(Web page caption snippets)
[Start of Attachment]
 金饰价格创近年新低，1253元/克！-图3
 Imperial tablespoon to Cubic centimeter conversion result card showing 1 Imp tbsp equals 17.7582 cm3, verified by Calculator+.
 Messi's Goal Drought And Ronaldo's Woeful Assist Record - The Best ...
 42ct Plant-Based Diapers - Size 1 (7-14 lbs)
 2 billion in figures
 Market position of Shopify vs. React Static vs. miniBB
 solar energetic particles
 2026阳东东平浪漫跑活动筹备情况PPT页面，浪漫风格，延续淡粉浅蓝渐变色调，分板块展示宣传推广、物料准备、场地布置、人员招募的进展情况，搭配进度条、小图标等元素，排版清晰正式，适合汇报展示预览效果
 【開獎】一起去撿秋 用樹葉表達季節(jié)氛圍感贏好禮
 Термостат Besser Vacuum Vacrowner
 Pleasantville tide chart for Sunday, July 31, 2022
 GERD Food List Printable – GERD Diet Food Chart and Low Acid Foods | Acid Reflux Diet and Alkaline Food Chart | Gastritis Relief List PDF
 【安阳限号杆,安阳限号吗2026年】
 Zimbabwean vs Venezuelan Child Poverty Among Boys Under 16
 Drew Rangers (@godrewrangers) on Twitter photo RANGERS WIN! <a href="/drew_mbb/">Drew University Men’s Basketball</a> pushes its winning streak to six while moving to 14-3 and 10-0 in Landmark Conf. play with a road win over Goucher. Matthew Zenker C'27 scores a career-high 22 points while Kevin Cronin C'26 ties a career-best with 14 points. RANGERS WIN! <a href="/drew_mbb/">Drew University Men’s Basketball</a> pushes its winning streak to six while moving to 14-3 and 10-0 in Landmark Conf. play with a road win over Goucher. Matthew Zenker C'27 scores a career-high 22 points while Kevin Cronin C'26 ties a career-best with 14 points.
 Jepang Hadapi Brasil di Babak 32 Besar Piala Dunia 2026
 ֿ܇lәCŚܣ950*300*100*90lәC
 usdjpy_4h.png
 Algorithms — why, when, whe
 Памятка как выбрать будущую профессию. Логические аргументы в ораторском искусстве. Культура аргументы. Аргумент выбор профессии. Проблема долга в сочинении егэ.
[End of Attachment]
Set down each line exactly as it appears, starting at the top of the data and ending at the line containing "Market position of", and include no other lines.

**REPLY TO THE EXERCISE**:
 金饰价格创近年新低，1253元/克！-图3
 Imperial tablespoon to Cubic centimeter conversion result card showing 1 Imp tbsp equals 17.7582 cm3, verified by Calculator+.
 Messi's Goal Drought And Ronaldo's Woeful Assist Record - The Best ...
 42ct Plant-Based Diapers - Size 1 (7-14 lbs)
 2 billion in figures
 Market position of Shopify vs. React Static vs. miniBB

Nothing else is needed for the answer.